Romaria da Senhora do Almortão – Idanha-a-Nova

A Romaria da Senhora do Almortão, que se realiza na terceira segunda-feira depois da Páscoa e a 15 de Agosto, é das mais antigas e afamadas da região da Beira Baixa, e ocorre num dos mais antigos santuários (a 7 km de Idanha-a-Nova).

A parte da manhã é ocupada com a celebração da Eucaristia, seguida da tradicional procissão, durante a qual os mordomos transportam o andor com a imagem da santa ao som de adufes e cantigas tradicionais.

A procissão em honra de Nossa Senhora do Almortão atrai todos os anos milhares de visitantes a Idanha-a-Nova.

Após a missa faz-se a tradicional Procissão, e, terminadas as cerimónias religiosas, segue-se o almoço-convívio entre famílias e amigos, que inclui um espantoso concerto de adufes e cantares femininos.

O povo canta as várias quadras à Senhora, entre elas as que, dizem os historiadores, traduziam o sentimento das pessoas em serem libertadas do domínio dos espanhóis.

A Ermida de Nossa Senhora do Almortão situa-se nos campos de Idanha-a-Nova, tem um estilo simples e harmonioso.

No santuário, a capela-mor e o altar são revestidos de azulejos do séc. XVIII. O alpendre é formado por três arcos de granito onde habitualmente se juntam grupos de cantares femininos acompanhados com os tradicionais adufes da Beira Baixa.

Há referências a esta festa desde 1229, pois, nesta data, D. Sancho II, no foral dado a Idanha-a-Velha já mencionava a Sanctam Mariam Almortam, quando demarcava os limites da Egitania.

A capela-mor e o altar são revestidos de azulejos do séc.
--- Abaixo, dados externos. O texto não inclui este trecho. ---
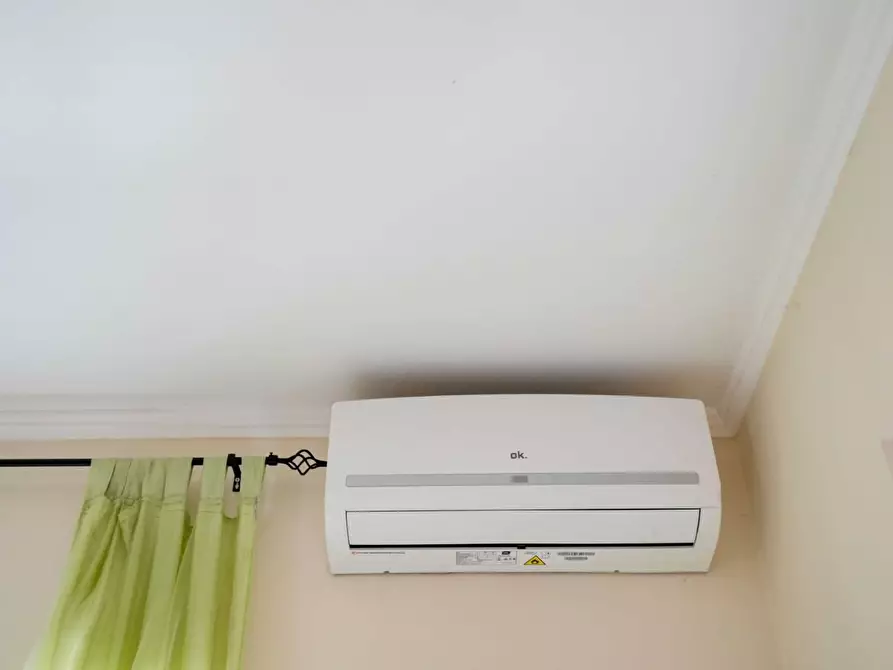 Immagine 47 di Villa in vendita  a Bari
XVIII. O alpendre é formado por três arcos de granito.

Cancioneiro

Senhora do Almortão
Ó minha linda raiana
Virai costas a Castela
Não queirais ser castelhana

Senhora do Almortão
A vossa capela cheira
Cheira a cravos, cheira a rosas
Cheira a flor de laranjeira

Senhora do Almortão
Eu p’ró ano não prometo
Que me morreu um amor
Ando vestido de preto

É debaixo do gracioso alpendre da ermida que o povo canta as mais belas quadras do seu Cancioneiro, que espelham os ideais e os sentimentos mais puros, ao som do arcaico adufe, tocado maravilhosamente por devotas, ao ritmo do pulsar do coração.

E cantam-nas na noite do arraial e no dia seguinte, na hora da despedida, a seguir à missa campal e ao estender dos farnéis à sombra das azinheiras.

A lenda…

A capela da Ermida de Nossa Senhora do Almortão foi construída porque, como diz a lenda, um dia de madrugada uns pastores atravessavam o campo pelo sítio “Agua Murta” e notaram que havia algo de estranho por traz das murteiras grandes.

Aproximaram-se e viram uma linda imagem da Virgem.

Ficaram parados de joelhos a rezar, mas depois resolveram levar a imagem para a Igreja de Monsanto.

Mas ela desapareceu e foi encontrada outra vez no mesmo lugar da aparição no murtão (donde Almurtão, depois Almortão).

Respeitando a vontade da Senhora, os habitantes da vila construíram a capela.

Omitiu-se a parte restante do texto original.